Helping you to develop a mindfulness practice is at the core of this process and work. Learning to be more mindful has the potential for extraordinary benefits on so many levels. As we become more in-tune with ourselves and take actions that support our well-being, we bring ourselves to an entirely new level of existence. Being aware. Cultivating that awareness, moment by moment, not only brings us closer to ourselves, but to our true nature and reason for being.

Mindful Scholar

So excited to be sharing the benefits of mindfulness with our McNair community. Learning how to be present is probably one of the greatest gifts we can cultivate. I look forward to being on this journey with each of you!
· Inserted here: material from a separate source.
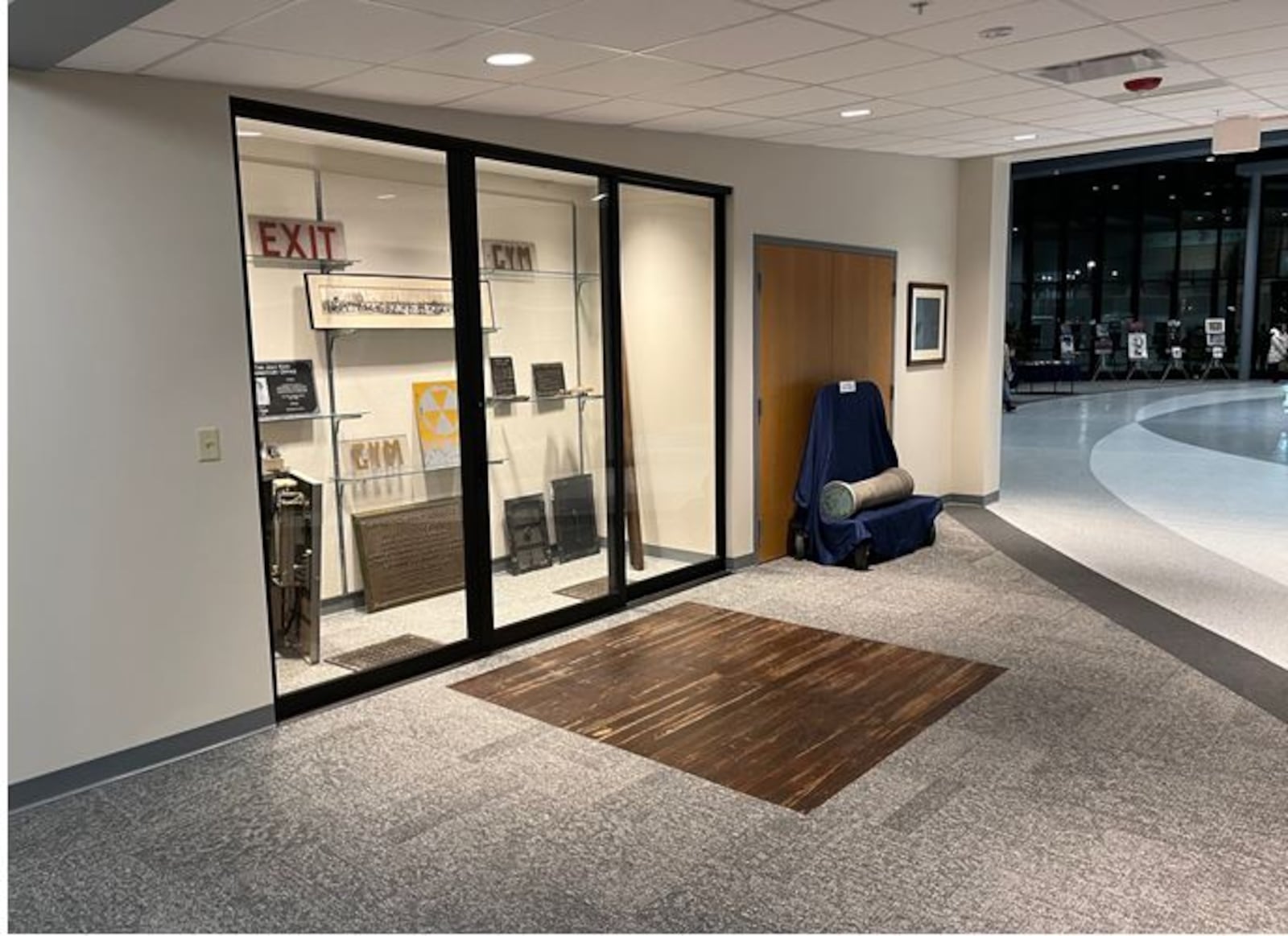 Cherishing the past of the Wayne Local Schools is a feature of the new Performing Arts Center. This display shows various items from previous buildings in the district. The wood flooring from the 1915 building still creaks as it did years ago. ED RICHTER/STAFF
The simple practice of breathing with our students is planting a seed with potential to ground ourselves in the present moment and more gracefully handle the ebb and flow of daily life in all its beauty and challenge.

Mindfulness is present moment awareness. It’s one of the most important skills we can cultivate because it teaches us to BE.

We spend a lot of time doing. Because we have a lot to do!

School teaches us how to THINK + DO really well and becoming a critical thinker is a large part of what pursuing a Ph.D. is all about.

The problem emerges when we spend most of our time thinking and doing and not enough time being. The truth is we spend a lot of time inside our heads, and sometimes, it’s just not the friendliest place to be!

Consider yourself and your students. How easy is it to be carried away by the ticker tape in our minds, telling us we’re not good enough, not smart enough, or that the world might be ending, right? Our minds tend to be a constant stream of commentary often feeding into our stress and anxiety.

What mindfulness brings into focus is a counterbalance to all this thinking and doing. It teaches us to be in our bodies by using our senses and focal points, such as the breath, and helps shift into an alternate mode … that of simply BEING.

The #mindfulscholar movement invites us to breathe together on a regular basis.

Breathe with our students. Explore meditation and yoga. Talk about how we feel in our bodies, when we’re feeling well and when we’re dealing with stress. Let’s invite exploration + conversation on this important topic and how becoming more mindful can make a huge difference in our academics and life!

Joy habit

Today I’m inspired by the lovely Dr. Kerry Ann Rockquemore. She inspires me in lots of ways, but today I want to talk about a little concept she’s been sharing that she calls the joy habit. It’s basically leaning into that state of gratitude for things in our lives, good and bad, and cultivating joy. So much so that it ultimately morphs into a way of BEING.

Living joy, if you will.

And it’s more than just happiness. Being happy is a great emotion to have, but it’s fleeting. I think this idea of being in a joy state couples nicely with learning to cultivate greater mindfulness in our daily lives. One of the things mindfulness teaches us is non-attachment and using our senses to simply be in the present moment more often than not.

That heightened level of cognizance can become a wonderful foundation for cultivating a joy habit. Lots of crappy things happen everyday too. So how do we keep our foundation of joy despite what Kerry Ann describes as our world being structurally oriented to separating ourselves from it?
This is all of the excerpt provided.